Hello, we recently got our daughter a baby hedgehog as a gift. It stayed one night in its cage and the next morning it was gone! We have been and are searching everywhere! Very concerned because she is only 6 weeks old and just weaned from her mother. Since we are 1st time owners, we are not familiar with just how mobile they are....can they climb, can they go up/down wood stairs, how long can she survive without food & water? She has been missing now for almost 3 days!!! Panicking and frantically searching. Any ideas or advice on how to find this sweet baby is greatly appreciated! We have food and water set out under beds, cabinets. Also, pretty sure that we heard her squeaking late last night. Sounded like it came from the kitchen/refridgerator area, pulled the fridge out, no baby hedgehog. Please give me some tips or advice on finding her quickly! Thank you!


----------



## Kolya (Oct 18, 2018)

Hedgies are most active late at night, so you might have to wait around past midnight when it's dark and quiet, as it's likely that your hedgie is hiding somewhere during the day. It's a good idea to leave food and water around everywhere in case she finds it - but are you feeding her what she was being fed prior to you adopting her? If it's a new diet, she may not recognize it. She's probably very confused but also wants to explore the house. Do you have a wheel/saucer? Maybe try leaving it out somewhere and see if your hedgie starts playing with it, you might catch her! Anyway I hope you find her soon, I'd definitely take her to the vet after though in case she ate something bad or got hurt.


----------



## Kolya (Oct 18, 2018)

And look in every nook and cranny possible, like between couch pillows, behind/under shelves, and anywhere that might be warm


----------



## etoombs (Oct 23, 2018)

She is eating the exact same food she had prior to our adoption. My daughter is enrolled in a small animal science class, which is where we got her. She was locally bred and so far raised in a classroom around teenagers. The teacher sent her home with the same food. We are concerned she will starve to death before we can find her? How long can they go without food? Originally, she was in a cage in a bedroom upstairs, but based on droppings and the sounds we heard last night, she is now downstairs...is that possible at such a young age?


----------



## belties (Oct 2, 2018)

Hedgehogs love dark warm places.She may be hiding in the bottom of the fridge.It is usually warm under there from the compressor that makes it work. You may have to take a light and look under it real close.Some models also have a drip pan under the front she might be hiding in.You might also try putting her hideout some were with the heater over it an in the morning she might be in it.Good luck.


----------



## Kolya (Oct 18, 2018)

It's definitely possible that she's gone down the stairs, hedgies (even babies, like mine) can be more agile than we think! It's also possible she might have gotten hurt in a tumble 😕
Is there a place the droppings were concentrated more? My hedgie often goes to the same spots he deems are "safe". I'm also not sure about how long they can go without food, probably your best bet is to leave little food piles scattered everywhere and check which ones are eaten from the most, could give a clue as to where hedgie might be!


----------



## etoombs (Oct 23, 2018)

Thank you for the advice. I will definitely set food out everywhere. At least if she is eating, I will have more time to find her. Hopefully, she comes out soon...we are very anxious to see her!


----------



## Kolya (Oct 18, 2018)

You're welcome, keep us updated!! 🙂


----------



## lilyluna (Sep 7, 2018)

Oh no that must be horrible! Hope you find her! Maybe you can leave out strong smelling stuff that’s safe for her to eat just to lure her and then place the food that she normally eats right next to it. Also, how did she escape? If her cage doesn’t have a lid on yet, you should put one on top of it.


----------



## Glenna (Sep 9, 2018)

If there is poop she must be eating something. This is going to sound strange but I have a method for recapturing escaped reptiles that may work for your hedgie.
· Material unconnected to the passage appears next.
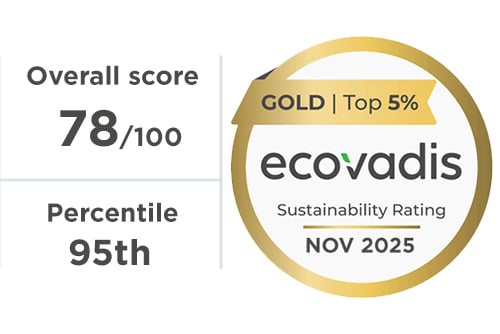 Ecovadis GOLD certification with percentile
Tonight before all the lights go out place long strips of duct tape on the floor in the areas you believe her to be in. STICKY side up. Place your food and water in such a way that she has to cross the tape to get it. 

She will get caught up in the tape but it can be removed safely by cutting away the excess and removing the rest with straight mineral oil on a cotton swab. Many an escaped snake or lizard have been recovered this way.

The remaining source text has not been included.